During his state visit to China, then President Benigno Aquino III tried to reassure Chinese leaders (the president, premier, and party chief all took turns raising the issue) that they could rebid for the project, which Beijing rejected. Instead, Beijing called in its loan (which had been extended with low interest for repayment after 20 years), and even as the case ended up in arbitration, the Philippine government had to scramble, ending up pledging to pay back the loan in installments. In the early days of the confrontation, Manila was worried about the effect on the government’s credit standing should it default on the loan.
Aquino, looking back at the experience, later on said the Philippines could generally afford to be firm because the Philippine economy, unlike perhaps other economies in the region, wasn’t so closely tied to the Chinese economy (he mentioned that there were more Filipino investments in China than Chinese investments in the Philippines).
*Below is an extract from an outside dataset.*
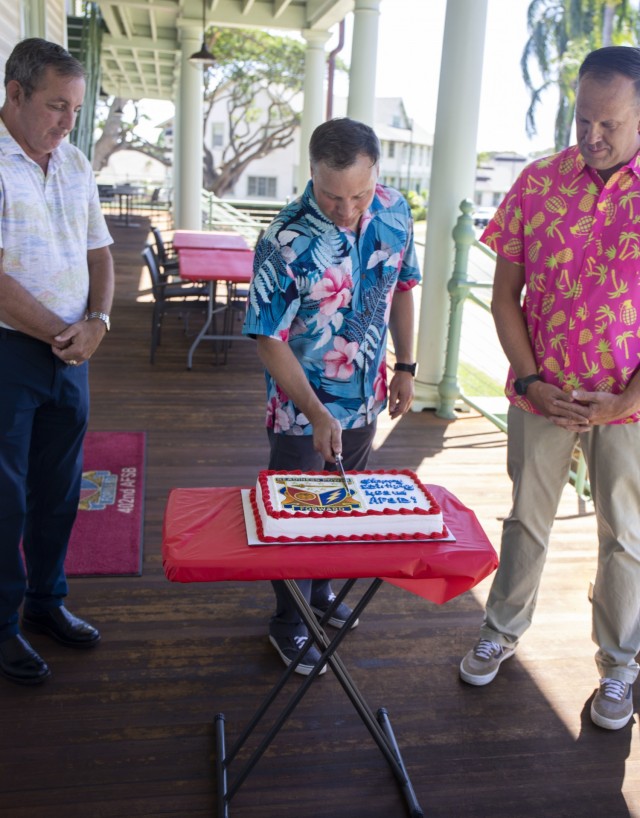 The 402nd Army Field Support Brigade deputy to the commander Joe Schulz (left) and 402nd Command Sgt. Maj. Adam Lepley, look on as 402nd commander, Col. Erik Johnson, cuts the cake during the brigade’s 15th birthday celebration on Oct. 15, 2021....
Now, even as Manila welcomes more Chinese investments, it says it is doing so knowing the messy deals from the Arroyo days, particularly the NBN-ZTE and Northrail messes. The solution, according to the government’s current economic managers, is to tell Beijing to be the one to nominate potential partners. This explains how the government’s preferred investor for the third telecom firm it wants to set up, is China Telecom. The firm, according to the Palace, was picked by Beijing in response to the President’s meetings with Chinese Premier Li Keqiang last November. The President has warned the bureaucracy and the courts that he will tolerate no delays in this regard, although other officials have been trying to soothe concerns over the strategic implications of this move by suggesting bidding is open to all interested parties—except the Palace in turn has said others will be welcome, but only if the China Telecom deal doesn’t push through.
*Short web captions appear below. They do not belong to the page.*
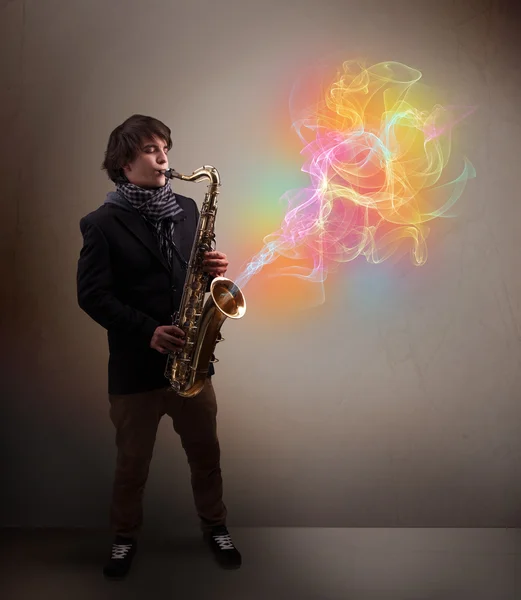 Attraente musicista che suona su sassofono con astratto colorato — Foto Stock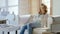 Woman sits in waiting room of gynecology clinic, reproductive system treatment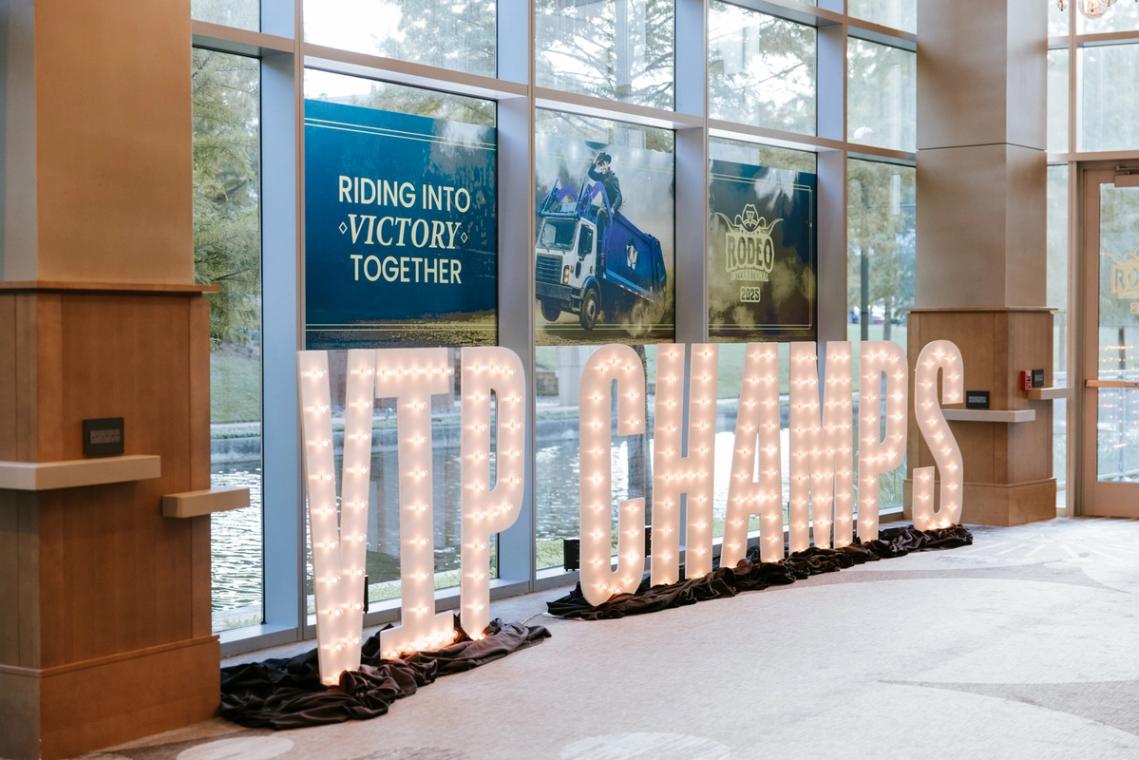 VIP CHAMPS marquee letters beneath the Riding into Victory Together window graphics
The Beijing-centric nature of the deal is further underscored by the National Transmission Corp. (Transco) announcing it wanted to partner with China Telecom and that it was in talks with the National Grid Corp. of the Philippines (NGCP, which manages the national electric transmission system) to use the electric grid’s interplant transmission infrastructure as the backbone for the third telecom player. But, and here is the Beijing angle, the NGCP for its part says it is eager to enter the industry but not as Transco’s partner: After all, NGCP is owned by two taipans (60 percent) and their partner, the State Grid Corp. of China (the “technical partner,” with 40 percent). NGCP says it is willing to allow use of the grid at a minimum or even zero cost—effectively undercutting Transco trying to get into the action, and laying out a sweet deal for China Telecom if it decides NGCP will be useful.
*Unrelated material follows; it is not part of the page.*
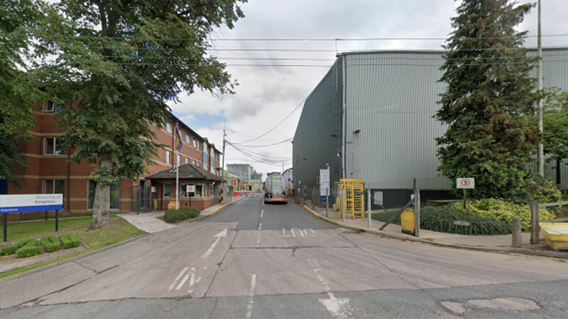 An entrance to a factory with a red brick, three-storey, building on the right and the grey factory on the left.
The previous administration had been bothered by this strategic sector being under heavy Chinese influence: the percentage officially owned by the State Grid, after all, is magnified by the ostensibly Filipino majority being composed of taipans who do business in China, and who are therefore subject to pressure by the Chinese authorities. The solution of the previous government was to insist on Filipinos undertaking technical management of the operations of the grid, which finally took place in July 2016—after the Philippine government declined to renew the visas of 18 Chinese technical experts. But if industry talk is to be believed, even this has been reversed, quietly. Pleading the unreliability of native engineers, the Chinese partner resumed bringing in more Chinese engineers.
Meanwhile, China’s ZTE — remember them? — has been making moves, too, partnering with a Davao-based telco and three other firms to set up a string of 50,000 microcell towers. This suggests a way forward for the China Telecom deal considering how congressional moves to amend the Public Service Act and the Constitution have bogged down. The past Philippine advantage of being free from heavy economic pressure from China is dissipating.